* **Available data**

════

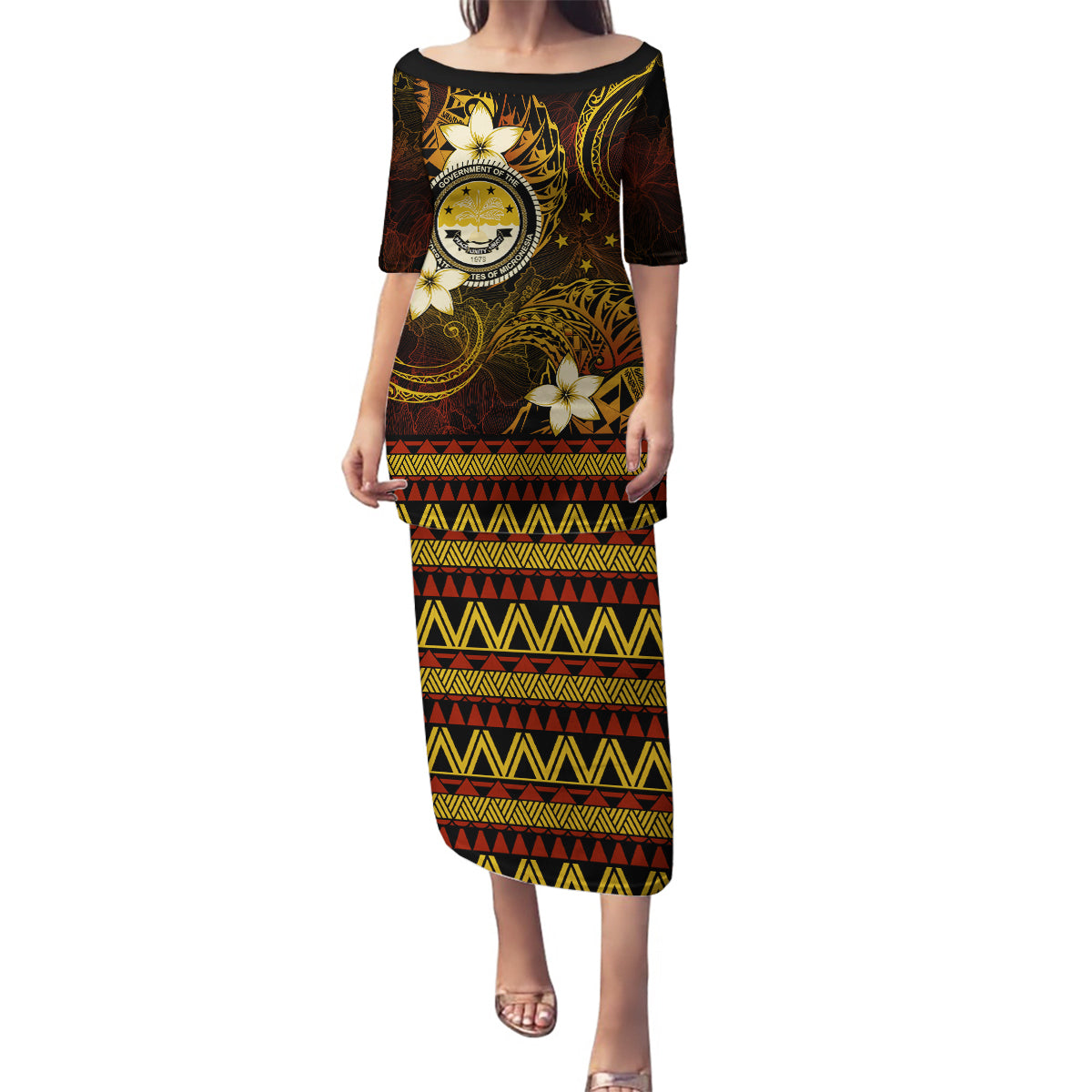 FSM Culture Day Family Matching Puletasi and Hawaiian Shirt Tribal Pattern Gold Version LT01 Mom's Dress Gold - Polynesian Pride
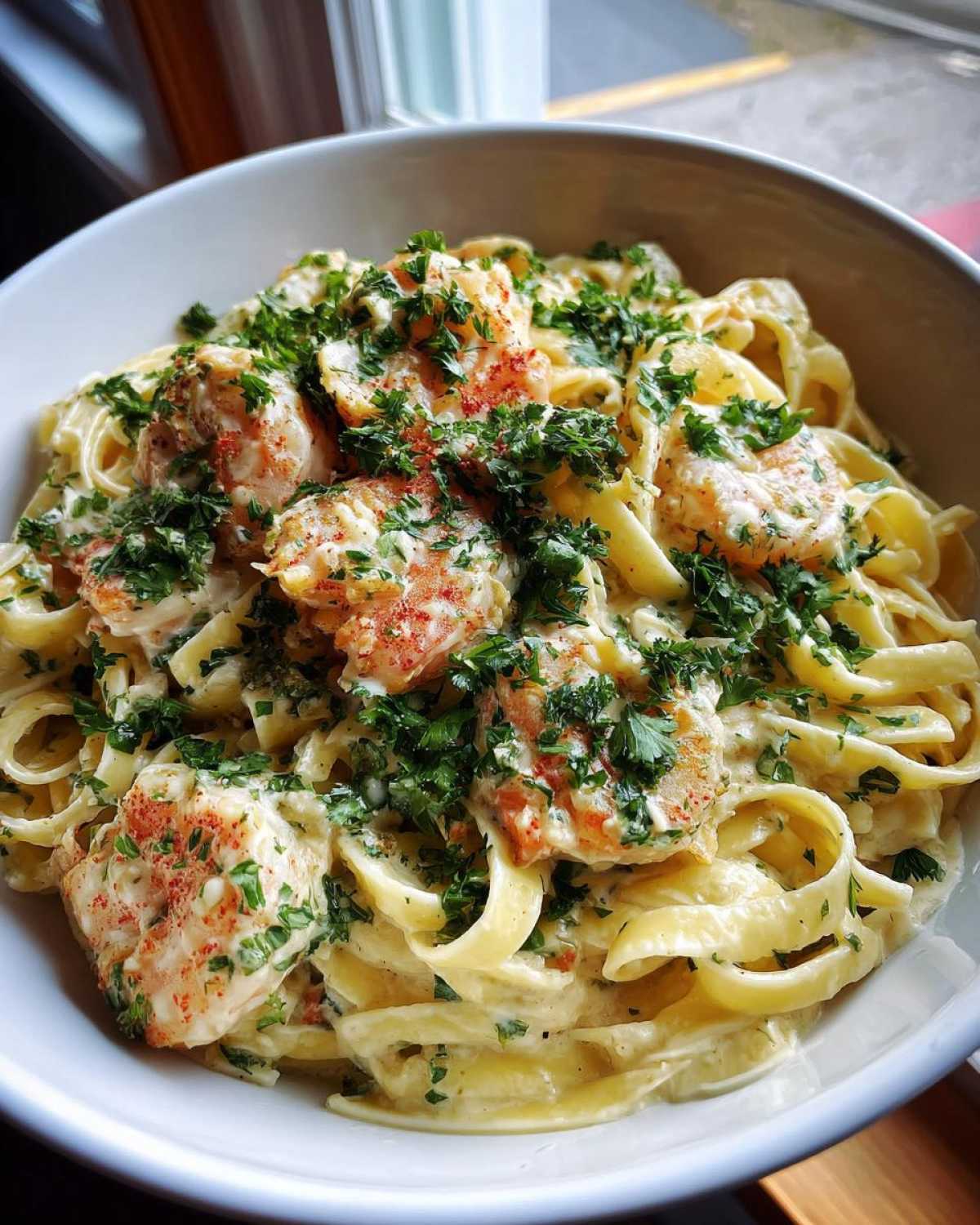 Cajun Shrimp Alfredo Pasta with Parsley - detail 1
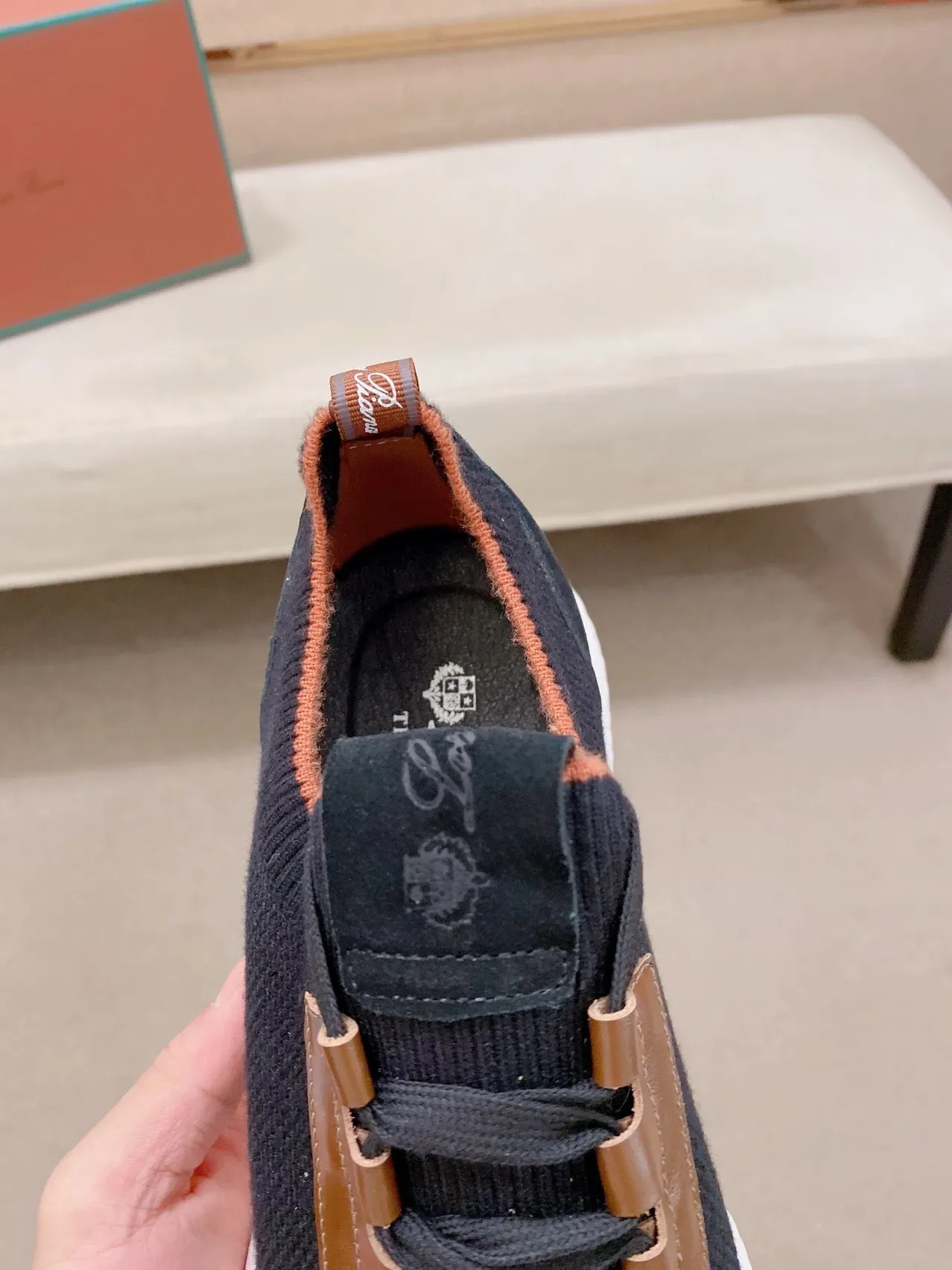 Loro Piana Black Brown Knit Upper Translucent Midsole Band Sneakers 5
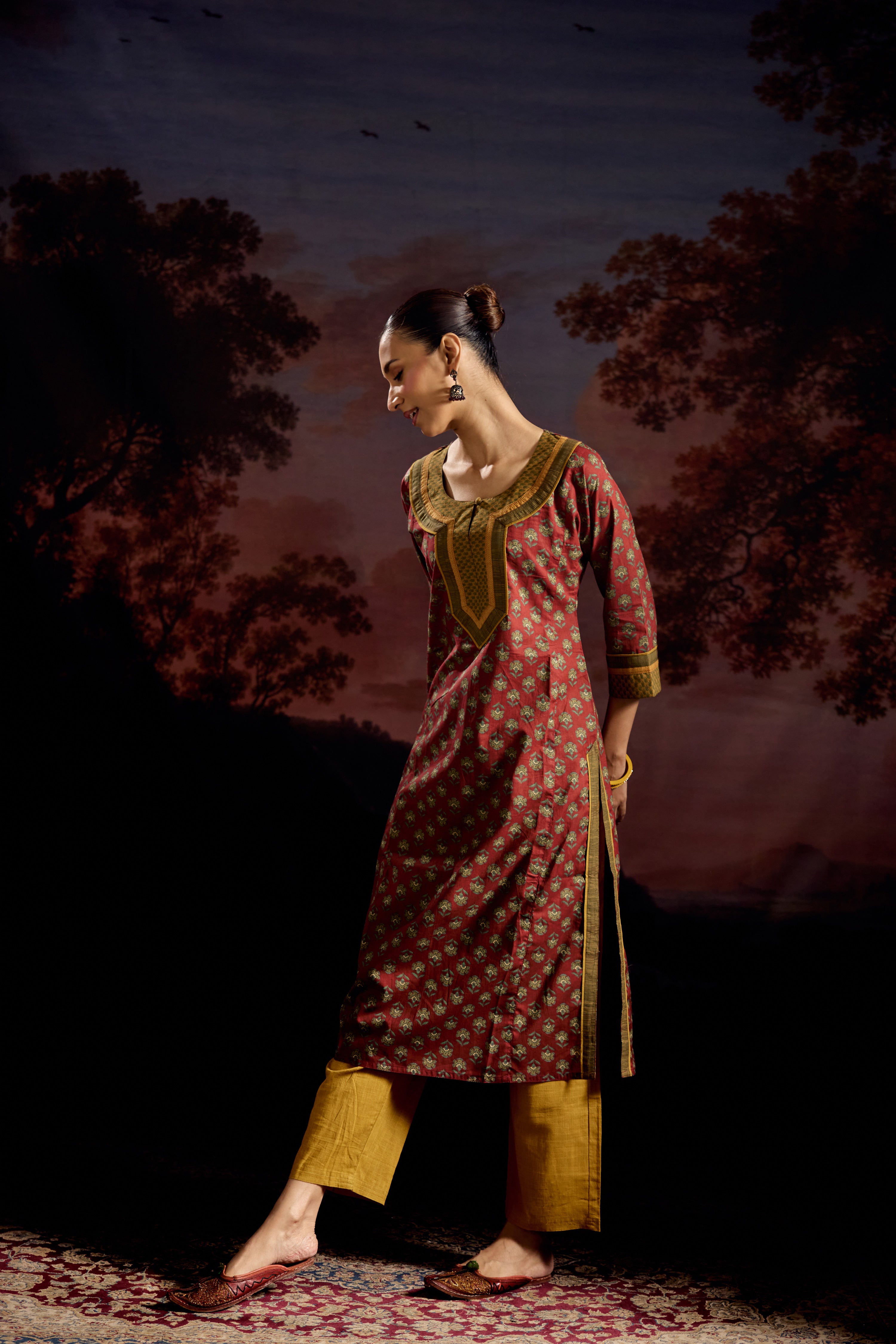 Rozana Cotton Printed Kurta Maroon Green (Set Of 3)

════

Pictures are skipped here. Print exactly, and only, the lines from the one holding "Loro Piana Black" through the final line of the material above, both ends included.

* **Task result**
 Loro Piana Black Brown Knit Upper Translucent Midsole Band Sneakers 5
 Rozana Cotton Printed Kurta Maroon Green (Set Of 3)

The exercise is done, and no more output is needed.